Bureau of Land Management Mineral Spacing Act
The Bureau of Land Management Mineral Spacing Act would streamline oil and gas permitting on certain units where private (fee) ownership of minerals overlaps with Federal interests. Specifically, it allows, under defined conditions, that the federal government not require a federal drilling permit under the Mineral Leasing Act when a drilling or spacing unit is largely privately owned and the Federal minerals’ involvement is limited (e.g., Federal minerals represent less than 50% of the unit, and the surface may or may not be Federal). The bill also requires notification to Interior by lessees and designees when state permits are submitted or approved for such units, and it authorizes pre-drilling surface access agreements. It tightens how the Mineral Leasing Act is applied on non-Federal land within these units, limiting Interior’s authority (no bonds, no entry without consent, no mitigation or surface reclamation approvals) in certain circumstances. Indian lands are explicitly exempt from these provisions, and royalties/other authorities remain unaffected.
Key Points
- 1Section 2(a): Notwithstanding certain existing laws, the Interior Secretary would not require a federal drilling permit under the Mineral Leasing Act for actions within a drilling/spacing unit if: (1) the Federal government owns less than 50% of the minerals and does not own the surface directly impacted; or (2) the well on non-Federal land over Federal minerals has part of the wellbore entering and producing Federal minerals; or (3) the well traverses but does not produce from Federal minerals.

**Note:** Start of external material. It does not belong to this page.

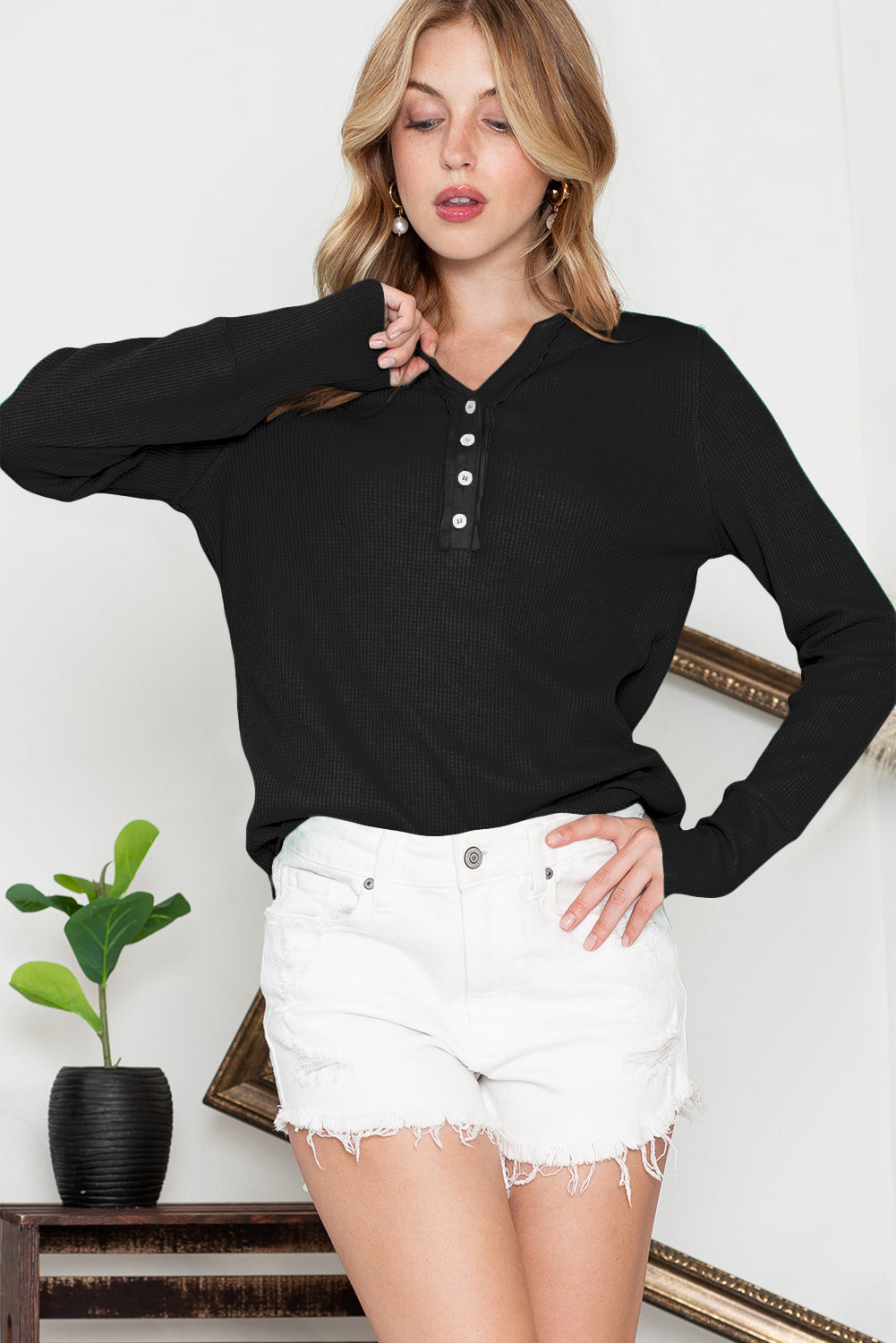 Waffle Knit Long Sleeve Henley Shirt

- 2Section 2(b): For state-issued permits/plans that would impact or extract Federal minerals, lessees or their designees must notify Interior when submitting the state permit (with a copy within 5 days) and within 45 days after state permit approval; they must also obtain/provide agreements allowing Interior to access non-Federal land as needed for inspection/enforcement.
- 3Section 2(c): The above non-permitting framework does not apply to Indian lands.
- 4Section 2(d): The new rule does not alter other Interior authorities under the Federal Oil and Gas Royalty Management Act or the royalty amounts due.
- 5Section 2(e): Amends the Mineral Leasing Act to limit Interior’s authority on non-Federal land within such units: Interior cannot require a bond to protect non-Federal land, cannot enter non-Federal land without landowner consent, cannot impose certain mitigation requirements, and cannot require surface reclamation approvals. This applies when the land is within a drilling/spacing unit and meets defined criteria similar to Section 2(a).
- 6Short title: The act would be cited as the “Bureau of Land Management Mineral Spacing Act.”